The stadium model shown here with the roof open. (Photo via Stadium Page)

As the late 1990s dragged on, city agencies though started pushing back against Giuliani’s plan. He wanted to give major subsidies to both the Mets and the Yankees for the new stadiums, and the Citizens Budget Committee pushed back hard in 1999. Much to the chagrin of the mayor, they proposed a cap on the city giveaways. Much to the detriment of late-2000s New York City, the CBC would be last major governmental opposition to city subsidies for the two baseball stadium.

By early 2001, Giuliani had yet to come through on his stadium vows, and with his two-term stay in Gracie Mansion nearing an end, he had to act fast. In April, he recognized that his successor wouldn’t be so generous with their grants and vowed to find the dollars before the year ended. ”I think it is good for the city if we get them wrapped up now,” he said, “because I do have a different view than at least some of the people who would like to succeed me.”

In July, stadium rumors reached a crescendo as rumors of a July 4th announcement swelled. As then-Times columnist Murray Chass noted, many in the New York sports world expected the city and Yankees to announce a new stadium, complete with a retractable roof, in the Macombs Dam Park. It did not come to pass.
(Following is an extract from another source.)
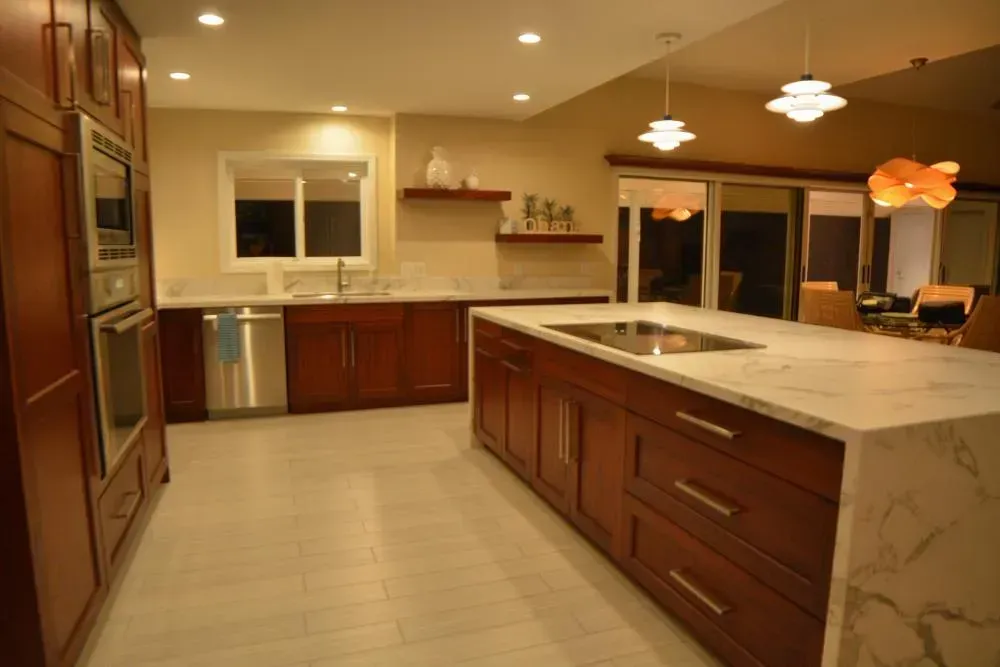 A kitchen with stainless steel appliances and wooden cabinets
As the summer wore on, the mayor kept up the pace. A September 9 article made it clear that Rudy was staking part of his legacy on the new stadiums. One opponent spoke out against what he feared would be “a midnight deal that is inherently against the public interest.” Two days later, history intervened, and the stadium issue would escape much public scrutiny until the waning hours of Giuliani’s term.
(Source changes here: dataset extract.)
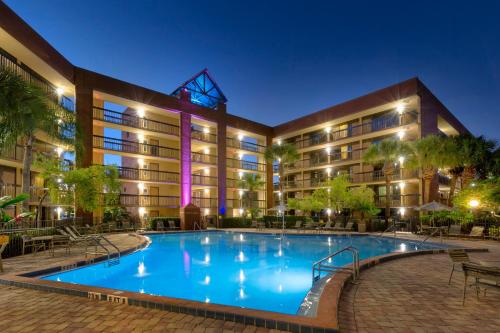 a pool in front of a hotel at night at Rosen Inn Lake Buena Vista in Orlando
An overhead shot of the open roof. (Photo via Stadium Page)

On December 29, 2001, armed with models complete with retractable roofs, Guiliani, the Yankees and Mets neared stadium deals. For a combined cost to the city of $1.6 billion, the two clubs would build their stadiums where their new homes currently sit today. Each team would receive $800 million in tax-free municipal bonds, and the city would keep various stadium revenues. When the deal became official, Steinbrenner seemed annoyed that he — and not the city — would have to pay for the stadium costs, and the price tag — with roof — was set at $800 million.

These deals rapidly unraveled. Mayor Michael Bloomberg worked to torpedo the deals in 2002 because they were too team-friendly, and he eventually worked out a new arrangement in which the Yanks would front more — but definitely not all — of the costs associated with the construction. Gone from the plans that emerged in 2004 and 2005 was the roof. The Yanks decided to save the $200 million and build an open-air park instead.

When I see the renderings from early 2001 and the plans that emerged, I’m struck by how similar they are. Perhaps I shouldn’t be though. HOK designed the stadium with a roof, and HOK designed the current stadium without a roof. For the most part, they simply took the roof off of their earlier models and changed the outfield configuration. The plan to reimagine and recreate the original look and feel of old Yankee Stadium had been a part of the replacement plans since Steinbrenner got the new stadium itch.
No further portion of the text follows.